Day 282: Pai, Thailand and backpacking in Huai Nam Dang National Park
Feb 4th, 2026: Day 282 of our travels. My thoughts on Pai, Thailand and backpacking through the surprising forests of Huai Nam Dang National Park.
MOOSE'S TRAVEL JOURNAL
Moose (Don)
2/4/20264 min read


Backpacking in Huai Nam Dang National Park and visiting Pai, Thailand
Day 282: We woke up in a small bungalow on the edge of Pai, Thailand. We spent the previous two nights sleeping in our tent in Huai Nam Dang National Park exploring the western boundary on mostly abandoned trails that followed serpentine ridges; climbing steadily from lush banyan tree and vine filled riparian valleys to a mix of surprisingly dry dipterocarp and two and three needle pine forest.




Our bungalow in Pai, Thailand after our hike
Solitude at last.
Unbeknownst to us Pai has become a haven for youthful backpackers looking for a good time or a "spiritual" retreat in the jungle. As soon as we deboarded the minivan that carried us on the four hour and slightly nauseating mountainous drive from Chiang Mai we were accosted by people selling "tipsy tubing" trips down tropical rivers or enticing us to buy a drink in their open-air bar. We've never walked out of a town faster. A quick two mile powerwalk brought us to a trail that my map indicated would bring us deep into the park. The only catch, the trail was now used for short day hikes and abandoned after a few miles. After reaching the “end” of the Ban Tung Pong East Trail just over two miles into the jungle we had escaped the hordes of lost hippies and European youth that clogged the streets of Pai. The trail faded in and out and continued to ford a small river numerous times but years of cross-country backpacking has made following faint trails second nature; by recognizing broken twigs, logs worn by years of infrequent footwalls, displaced leaves, gently trampled grass, noticing the mud on top of a stone near river crossings from wet shoes, and all the other the traces we unconsciously leave behind.
For the next two days we experienced the forest on its own terms, sleeping on the high, dry ridges and returning to the valley for water. The forest is deceiving here, at times it reminds me of an early fall day in the Appalachians in New York, dry leaves crunching beneath our feet, or perhaps a forested mid-elevation ridge in Arizona or New Mexico, with the radiant heat and pines, but as one descends further, into the deepest and darkest valleys the truth becomes inescapable. I am in Thailand. Evergreen forest surrounds us, trees grow like elephant trunks, emergent and sinuous, the air is thicker, sweat beads on my brow as I ford a river again and again. This is the Thailand I imagined.

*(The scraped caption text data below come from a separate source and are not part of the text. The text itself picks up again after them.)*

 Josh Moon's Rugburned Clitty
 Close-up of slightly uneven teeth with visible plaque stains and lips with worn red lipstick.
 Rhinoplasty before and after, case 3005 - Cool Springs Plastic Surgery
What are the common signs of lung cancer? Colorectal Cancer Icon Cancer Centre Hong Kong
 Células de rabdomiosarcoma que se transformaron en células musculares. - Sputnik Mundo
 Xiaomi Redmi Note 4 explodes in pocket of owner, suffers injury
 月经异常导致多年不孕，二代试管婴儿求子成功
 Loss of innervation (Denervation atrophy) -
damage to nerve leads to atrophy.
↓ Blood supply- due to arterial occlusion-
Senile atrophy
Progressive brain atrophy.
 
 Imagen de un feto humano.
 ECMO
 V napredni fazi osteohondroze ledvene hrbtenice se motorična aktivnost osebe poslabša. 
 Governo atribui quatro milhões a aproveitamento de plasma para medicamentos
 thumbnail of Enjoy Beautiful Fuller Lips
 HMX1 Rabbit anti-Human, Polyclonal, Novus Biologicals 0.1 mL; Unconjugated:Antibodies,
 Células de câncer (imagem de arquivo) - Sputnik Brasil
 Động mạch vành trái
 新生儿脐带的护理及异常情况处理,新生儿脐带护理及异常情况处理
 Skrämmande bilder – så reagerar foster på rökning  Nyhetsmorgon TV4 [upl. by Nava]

Moving slowly, we listened to the ever changing birdsong and tried, and failed, to identify various flowering and fruiting trees. It was our own personal retreat, with hot sunny days and relatively cool and clear nights, allowing us to sleep in our tent’s mesh insert and enjoy the stars and the light breeze. We only met one person, Jan, German born but half Vietnamese and half Polish, another visitor here in Thailand in the middle of his own wilderness journey, on our hike out before connecting to the busy and popular Mae Yen Waterfall Trail. A wonderful hike in its own right, the trail fords a river dozens of times while winding through an intimate valley, it was clear why it drew the crowds it did. But we left with the knowledge that a five minute walk beyond the falls brought the solitude and wilderness escape we had been hoping for after the noisy, smog filled cities of Bangkok and Chiang Mai.